Tuesday, Oct. 4, Harold Nelson, now 107, was awarded the Silver Star after the Army’s Board for Corrections of Military Records found that Pearman’s long-ago letter to Nelson’s mother represented legitimate evidence that he had been nominated for it. US Army Maj. Gen. Charles Costanza, the 3rd Infantry Division commanding general, presented the award to Nelson at a ceremony on Fort Carson, Colorado, hosted by the 4th Infantry Division. Nelson lives in Denver, about an hour from Fort Carson.
Nelson said he’d never found out why he didn’t get the Silver Star after World War II and figured he’d never find out after his original military records were destroyed in a fire at a federal records facility in 1973. But the letter, according to the Army, served as evidence, along with Nelson’s testimony about his actions.
Nelson and Pearman’s 7th Infantry Regiment was with the 3rd Infantry Division during its three-year campaign from North Africa into Germany. In all, Nelson and the 7th made six amphibious landings during the war, the most of any US unit, including the Army and Marines in the Pacific. Nelson made five of them.

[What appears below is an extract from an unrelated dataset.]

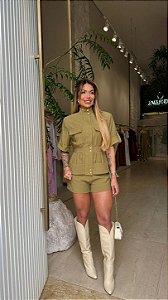 Conj. Alfaiataria Colete/Bolsos/Shorts 5 Estrelas !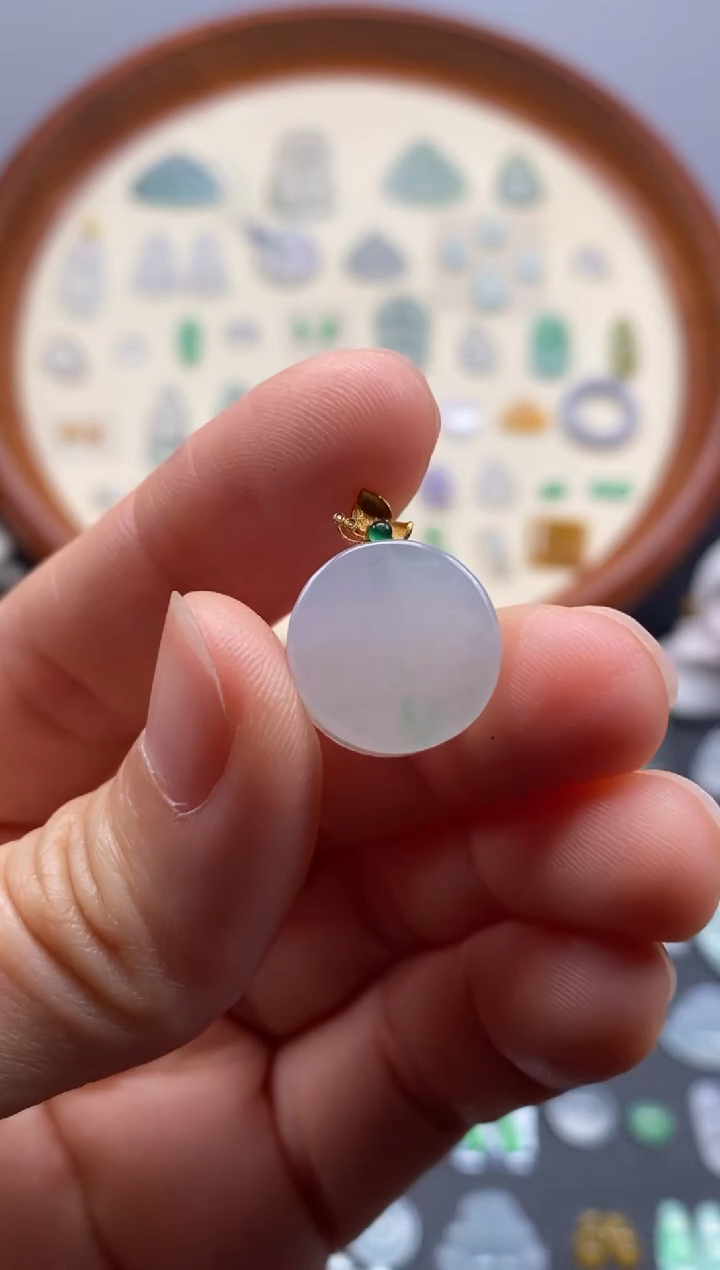 颈饰18K金镶嵌翡翠无事牌/芬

One of the most intense campaigns of the war came at Anzio, as the 5th Army, which included the 3rd ID, came ashore in January and fought almost continuously for five months.
Pearman’s letter was written during a rare lull in the fighting, in early May 1944, just weeks before the 3rd ID would lead an Allied breakout from the city that would eventually end in the capture of Rome.
In a 2019 interview on YouTube with Remember WWII with Rishi Sharma, Nelson discussed his life and the campaigns he fought in. He described the actions during the fighting around Anzio that led to him receiving the Silver Star and what it was like to fight in one of the war’s longest and bloodiest campaigns.
“I spent nearly all my time on the ground to keep from getting killed,” Nelson told Sharma. “From all the artillery and rifle fire and sometimes aircraft. Every time we stopped, we dug a foxhole.”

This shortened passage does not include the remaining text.